Brief ▸ Output the full listing below exactly as it reads, and skip anything that is a picture.

Given material ▸
——————

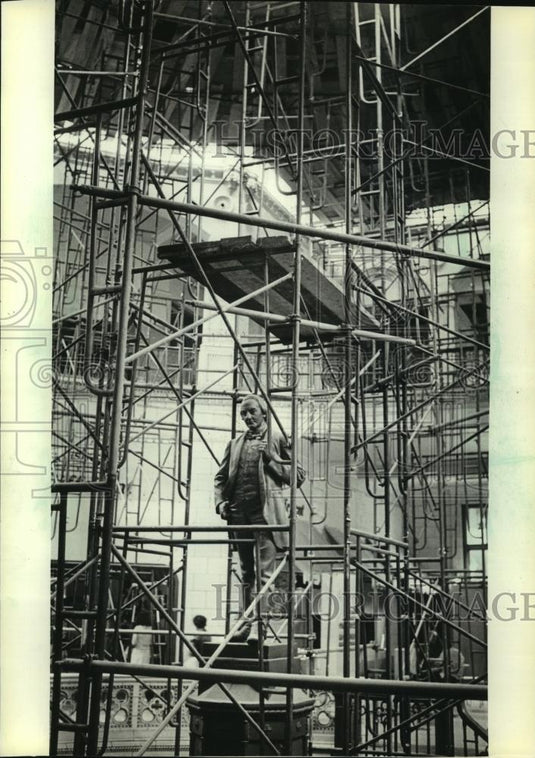 1981 Press Photo John Plankinton Building's scaffolding - mjb87057 - Historic Images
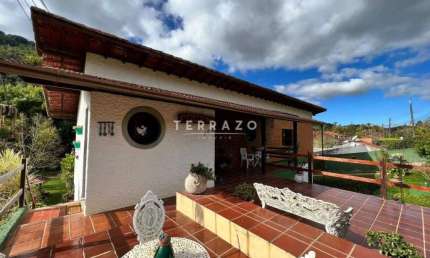 Casa à venda, 5 quartos, 3 suítes, 10 vagas, Albuquerque - Teresópolis/RJ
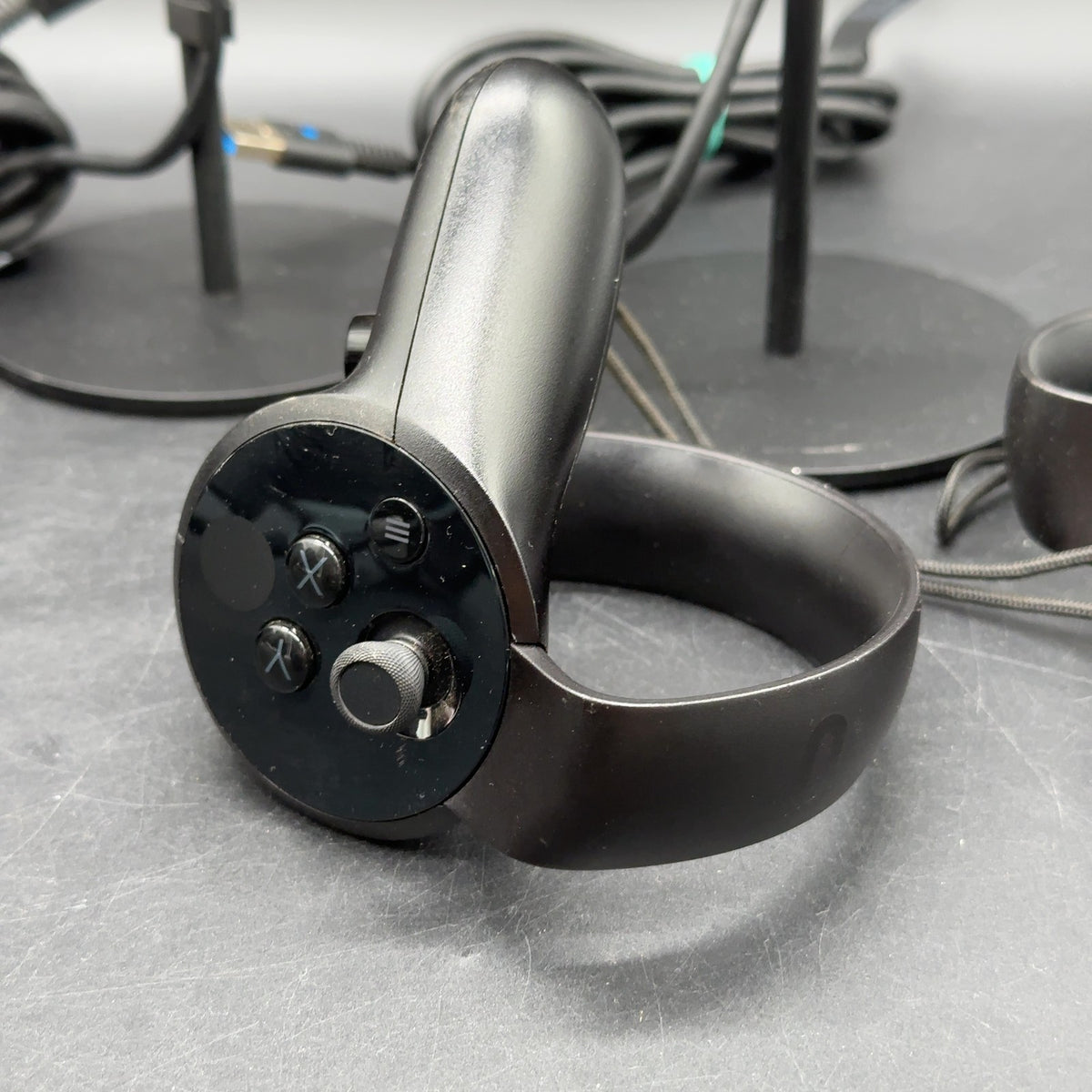Original Oculus Rift CV1 VR-Brille mit 2 Sensoren und Touch Controllern PC – Bild 7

——————

Output for this exercise ▸
 1981 Press Photo John Plankinton Building's scaffolding - mjb87057 - Historic Images
 Casa à venda, 5 quartos, 3 suítes, 10 vagas, Albuquerque - Teresópolis/RJ
Original Oculus Rift CV1 VR-Brille mit 2 Sensoren und Touch Controllern PC – Bild 7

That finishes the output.